Speaker of the New York State Assembly
- In office 1852–1852
- Preceded by: Joseph B. Varnum Jr.
- Succeeded by: William H. Ludlow

Personal details
- Born: August 12, 1793 Troy, Rensselaer County, New York, U.S.
- Died: April 30, 1874 (aged 80) New York City, New York County, New York, U.S.
- Party: Whig
- Spouse: Catherine Lamberson ​ ​(after 1814)​
- Relations: Edward Schell (son-in-law)

= Jonas C. Heartt =

American politician

Jonas Coe Heartt (August 12, 1793 - April 30, 1874) was an American businessman and politician.

==Early life==
Heartt was born on August 12, 1793, in Troy, Rensselaer County, New York.
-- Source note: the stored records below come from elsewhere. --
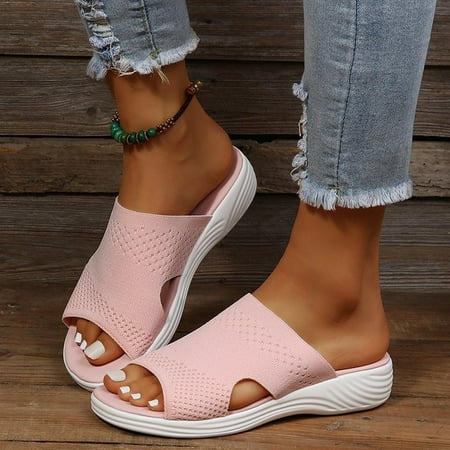 

Hvyesh Orthopedic Sandals for Women Dressy Summer Peep Toe Sandals Comfortable Arch Support Sandals Trendy Breathable Sandal Size 4.5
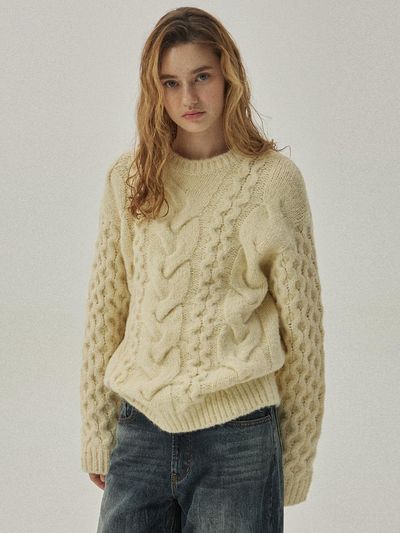 MAGOODGAN Fisherman Crew Neck Knit Sweater (3951) [Cream]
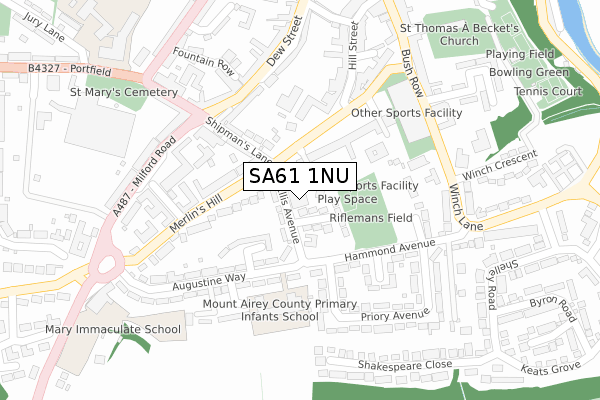 SA61 1NU map - large scale - OS Open Zoomstack (Ordnance Survey)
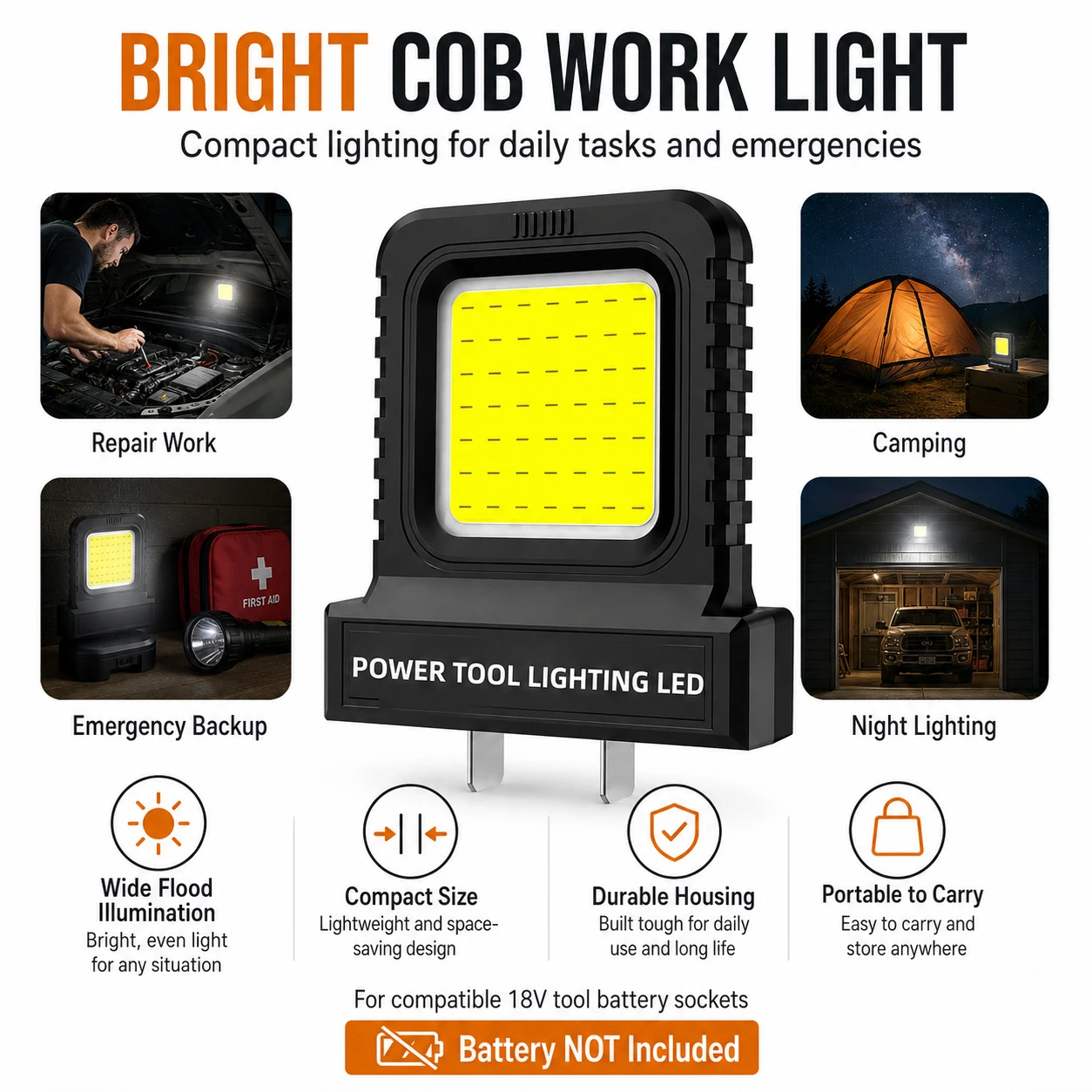 Lámpara LED de trabajo ajustable para baterías de litio - imagen 2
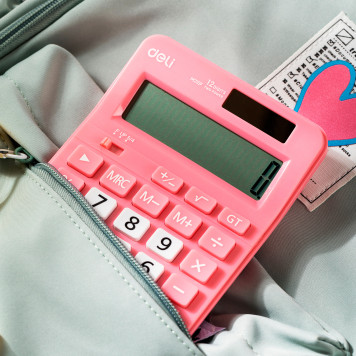 Калькулятор настольный Deli EM210FPINK розовый 12-разр. -1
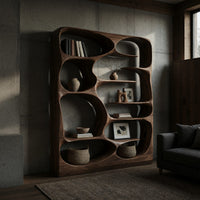 Cell Pod Bookshelf with Carved Organic Openings, view 9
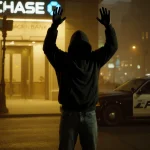 Hoodie figure raising hands in surrender with Chase Bank neon lights and vehicle logo in background.
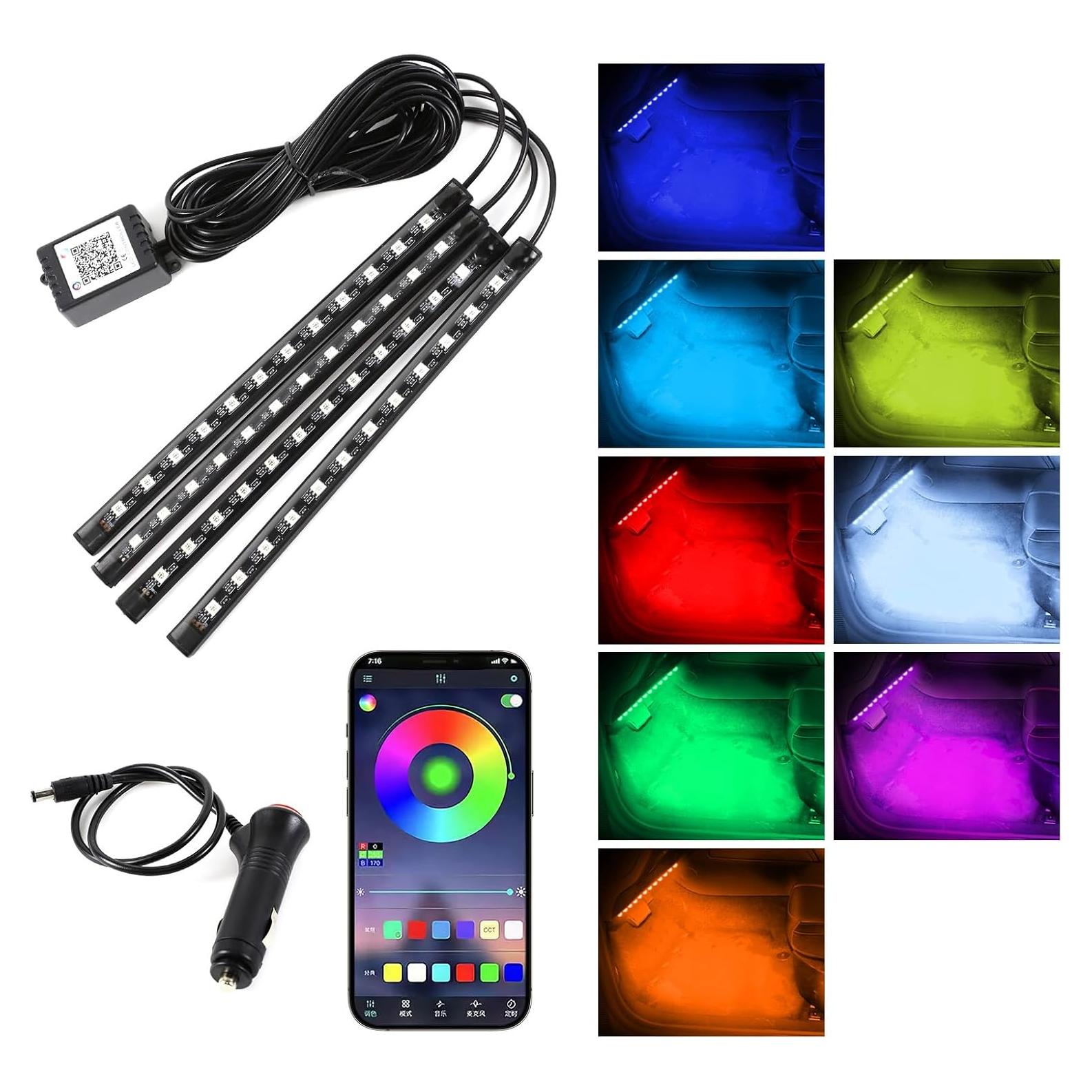 Luz Interior LED de Coche Wuyaoyao, Tira Multicolor con Control Remoto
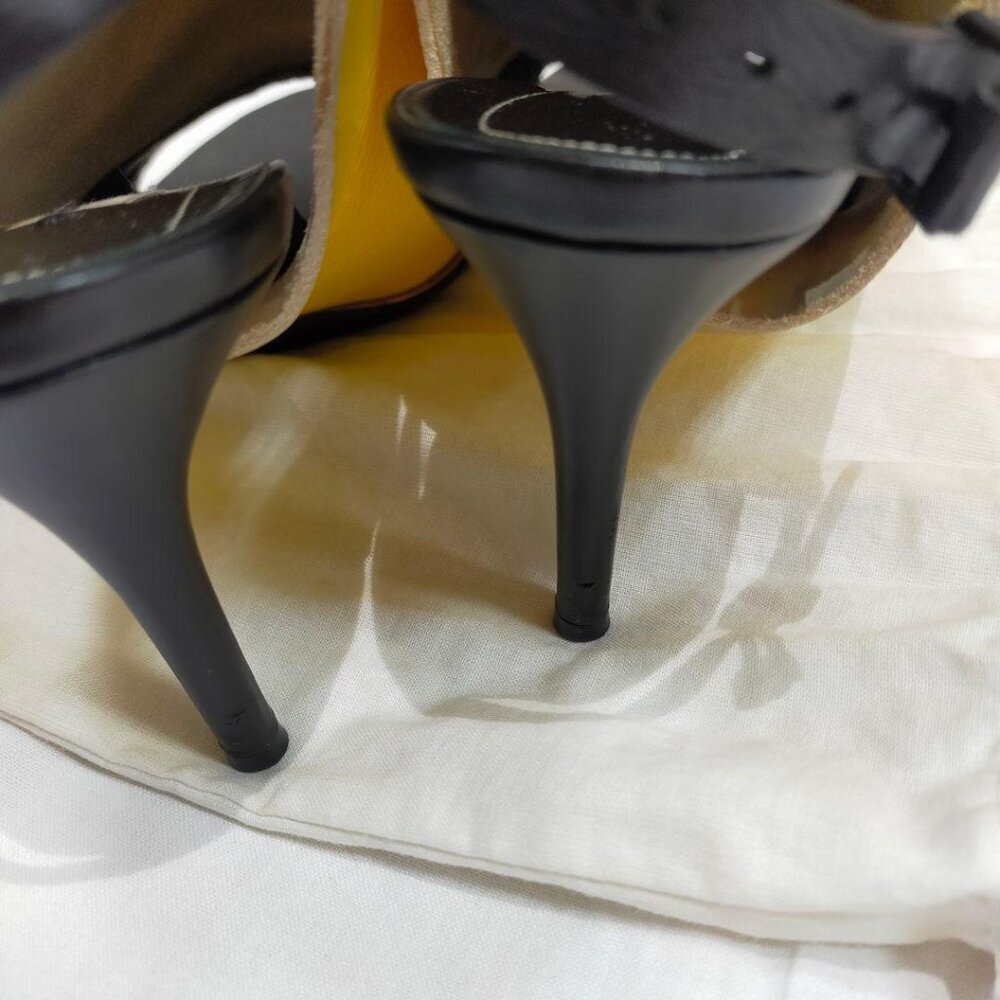 Balenciaga Yellow & Black Leather Open-Toe Slingback Heels | Size 35 (US 5) - Picture 5 of 8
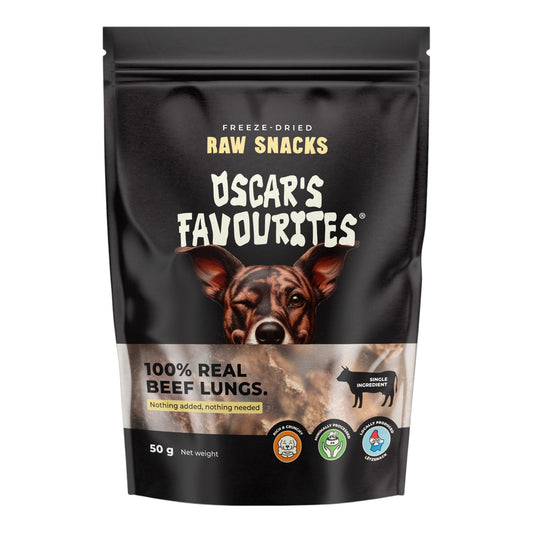 Oscar’s Favourites runderlong gevriesdroogde tussendoor snack 40 gram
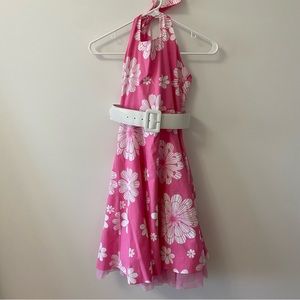 RARE EDITIONS RETRO PINK FLORAL HALTER DRESS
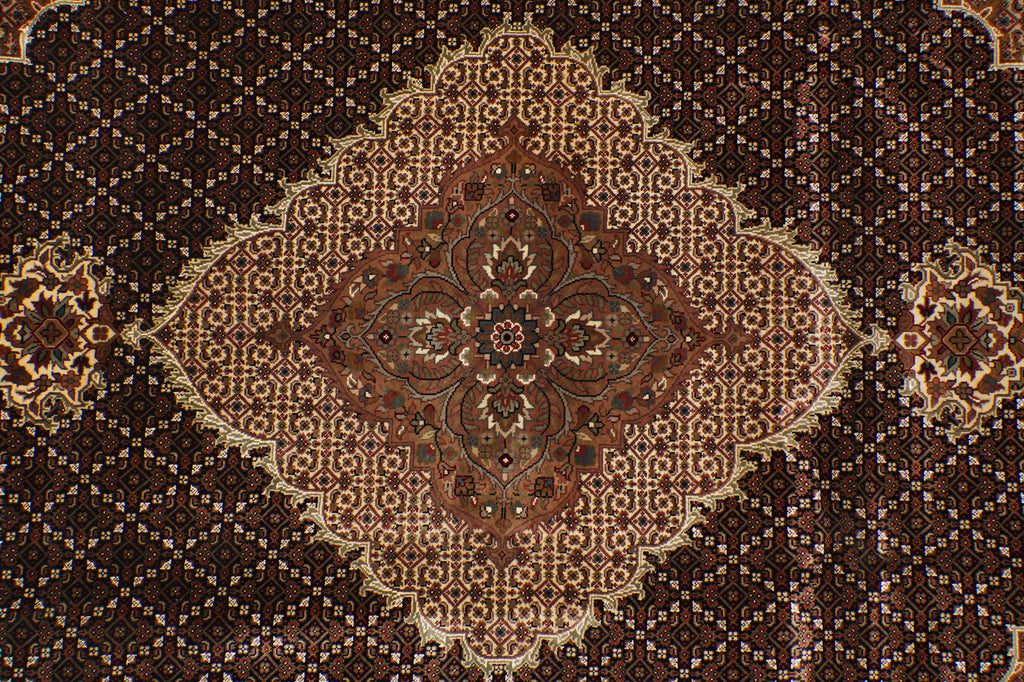 8.2 x 10.2 Earthy Black High Quality Wool and Silk Tabriz Mahi Handmade Carpet #F-4478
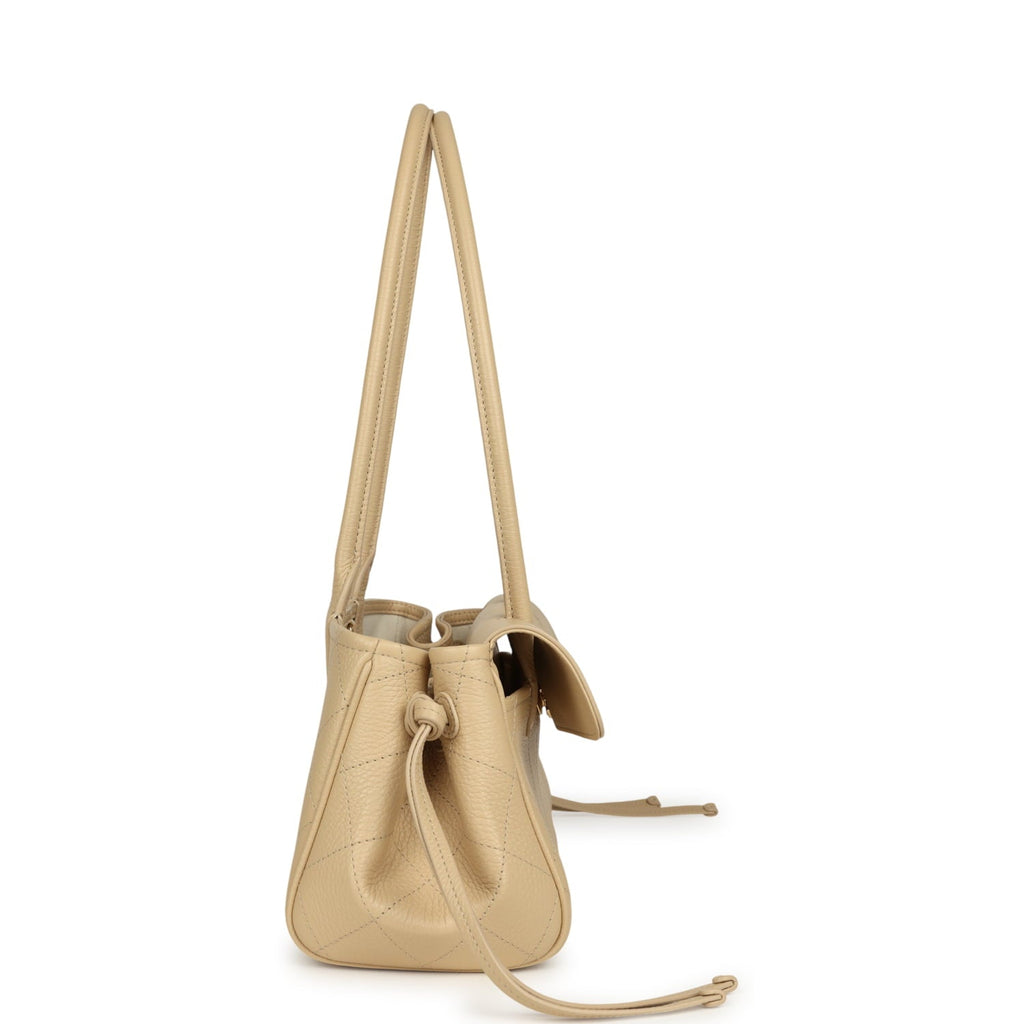 Small "Urban Essential" East West Shopping Tote Light Beige Caviar Gold Hardware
He was the son of Philip Heartt, and was the first child baptized by the first pastor of the Troy First Presbyterian church, and for this reason he was given the name of the pastor, Jonas Coe.

==Career==
In 1822, he was elected assistant alderman for the Second Ward. He was also supervisor of this ward for 1833, 1835 and 1836, and in 1838 he was elected Mayor of Troy by the City Council. He was re-elected each following year until 1843, and was the first mayor elected by popular vote, in 1840. During his mayoralty measures were adopted for building the Schenectady and Troy Railroad. It was through the united efforts of Mayor Heartt and Jonathan Edwards that Troy was made the terminus instead of a branch of the Hudson River Railroad. He was instrumental in having a direct line of steamboats from Troy to New York, and for twelve years was a director in the River Steamboat Association. He was a director of the Troy and Boston Railroad from the time of its construction until his death.

In 1852, he was a Whig member of the New York State Assembly and was elected Speaker.

==Personal life==
On August 30, 1814, he married Catherine Lamberson. Together, they were the parents of many children, including:

- Jane Lamberson Heartt (1825–1880), who married banker Edward Schell.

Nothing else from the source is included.